A statement released on 22 August 2014 by Greater Manchester Police said:

"We have shown great patience in facilitating the protests but it is the cumulative impact of the daily protests - which is causing significant disruption to the business community on and around King Street and has led to members of our communities experiencing concern, fear and intimidation - that has now exceeded the legal threshold required under the Public Order Act.

"From Saturday 23 August 2014, GMP will be imposing conditions on protestors that will include maximising the number of protestors at any one time to 10, and moving the site to a designated protest area outside an unoccupied business premise on Police Street.

"While this will be enforced daily it will be under constant review." 

Chief Constable of Greater Manchester Police, Sir Peter Fahy, said: "This is not a decision we have taken lightly.
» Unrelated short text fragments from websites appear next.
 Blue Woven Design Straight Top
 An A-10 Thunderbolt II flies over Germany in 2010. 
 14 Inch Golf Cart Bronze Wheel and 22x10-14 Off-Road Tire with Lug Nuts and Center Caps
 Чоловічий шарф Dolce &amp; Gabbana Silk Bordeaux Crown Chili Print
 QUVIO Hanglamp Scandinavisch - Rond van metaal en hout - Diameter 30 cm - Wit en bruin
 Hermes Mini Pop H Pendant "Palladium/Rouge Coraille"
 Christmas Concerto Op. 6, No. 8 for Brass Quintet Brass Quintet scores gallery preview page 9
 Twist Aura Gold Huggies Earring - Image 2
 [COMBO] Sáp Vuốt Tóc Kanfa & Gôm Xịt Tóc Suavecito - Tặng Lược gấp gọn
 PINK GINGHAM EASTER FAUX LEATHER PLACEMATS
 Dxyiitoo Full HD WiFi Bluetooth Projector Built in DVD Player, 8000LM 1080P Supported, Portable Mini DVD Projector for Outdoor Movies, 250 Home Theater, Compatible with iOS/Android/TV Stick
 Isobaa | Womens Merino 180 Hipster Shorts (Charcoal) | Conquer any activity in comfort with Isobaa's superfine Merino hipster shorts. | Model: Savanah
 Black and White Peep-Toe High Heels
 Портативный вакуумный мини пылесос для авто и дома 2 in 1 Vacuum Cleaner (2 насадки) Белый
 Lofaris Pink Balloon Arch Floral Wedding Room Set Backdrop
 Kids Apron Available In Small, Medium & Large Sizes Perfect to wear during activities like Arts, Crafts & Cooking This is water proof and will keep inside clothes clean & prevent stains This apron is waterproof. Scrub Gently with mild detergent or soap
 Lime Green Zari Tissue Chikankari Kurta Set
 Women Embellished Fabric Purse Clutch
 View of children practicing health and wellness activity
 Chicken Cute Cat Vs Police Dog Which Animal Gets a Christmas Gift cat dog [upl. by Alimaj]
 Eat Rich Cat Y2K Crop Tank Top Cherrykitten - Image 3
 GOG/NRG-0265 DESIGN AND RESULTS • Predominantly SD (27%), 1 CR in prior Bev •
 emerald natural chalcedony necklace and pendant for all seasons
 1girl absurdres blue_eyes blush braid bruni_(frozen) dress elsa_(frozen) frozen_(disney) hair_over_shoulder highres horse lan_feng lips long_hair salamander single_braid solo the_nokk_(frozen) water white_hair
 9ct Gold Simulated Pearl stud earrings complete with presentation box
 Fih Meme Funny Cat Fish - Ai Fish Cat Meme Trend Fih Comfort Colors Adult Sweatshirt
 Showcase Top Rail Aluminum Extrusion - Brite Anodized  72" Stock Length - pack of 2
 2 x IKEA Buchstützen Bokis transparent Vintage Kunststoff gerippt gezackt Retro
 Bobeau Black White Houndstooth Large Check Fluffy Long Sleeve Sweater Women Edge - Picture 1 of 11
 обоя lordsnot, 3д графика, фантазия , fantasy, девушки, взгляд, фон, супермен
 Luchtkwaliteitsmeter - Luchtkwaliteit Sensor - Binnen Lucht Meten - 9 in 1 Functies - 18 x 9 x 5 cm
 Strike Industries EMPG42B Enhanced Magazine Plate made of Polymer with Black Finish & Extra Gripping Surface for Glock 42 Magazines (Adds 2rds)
The right to protest is a fundamental part of our democracy, a right fully supported by the police and city council.

"One of Manchester's strengths is its diversity and we know that conflicts around the world often provoke strong emotions within our communities. It is only right and proper that people can protest about what is happening abroad safely and peacefully should they wish to. 

Sir Peter Fahy: Sir Peter Fahy: "We have shown great patience"

"We will continue to work with civic and faith leaders and with local community groups to ensure that the important issues behind the current Middle East conflicts can be properly debated in the city in a way that does not cause serious disruption or endanger community cohesion.

"Protests such as this, which polarise views, are emotive and present difficult challenges for all involved. While we will not shy away from these challenges, we have to balance our duty to uphold the rights of protestors against the rights of the public visiting and working in the city centre, local business owners and residents.

"Weighing up all factors, we hope that by imposing these conditions we are finding some common ground and ensuring fairness to everybody. It is important to stress that failure to comply with the conditions is a criminal offence and could result in arrest."

King Street protestsKing Street protests

Councillor Bernard Priest, Manchester City Council's deputy leader, said: "While we understand that many people are deeply concerned about events in the Middle East, we do not want to see those events affect communities and families here in Manchester.

"Our city has a proud history of tolerance and mutual respect between different communities, and we cannot stand by and watch divisions and tensions be created.

"We have tried to protect people's right to protest but these demonstrations have had an impact on people who have absolutely nothing to do with events in the Middle East. Shops on Kings Street, as well as members of the public who are trying to go about their day to day business, have been affected by the protests and unfortunately we have now had to place some limited restrictions on the protests to manage the impact on the daily lives of ordinary citizens."

The restrictions will apply from Saturday 23 August 2014.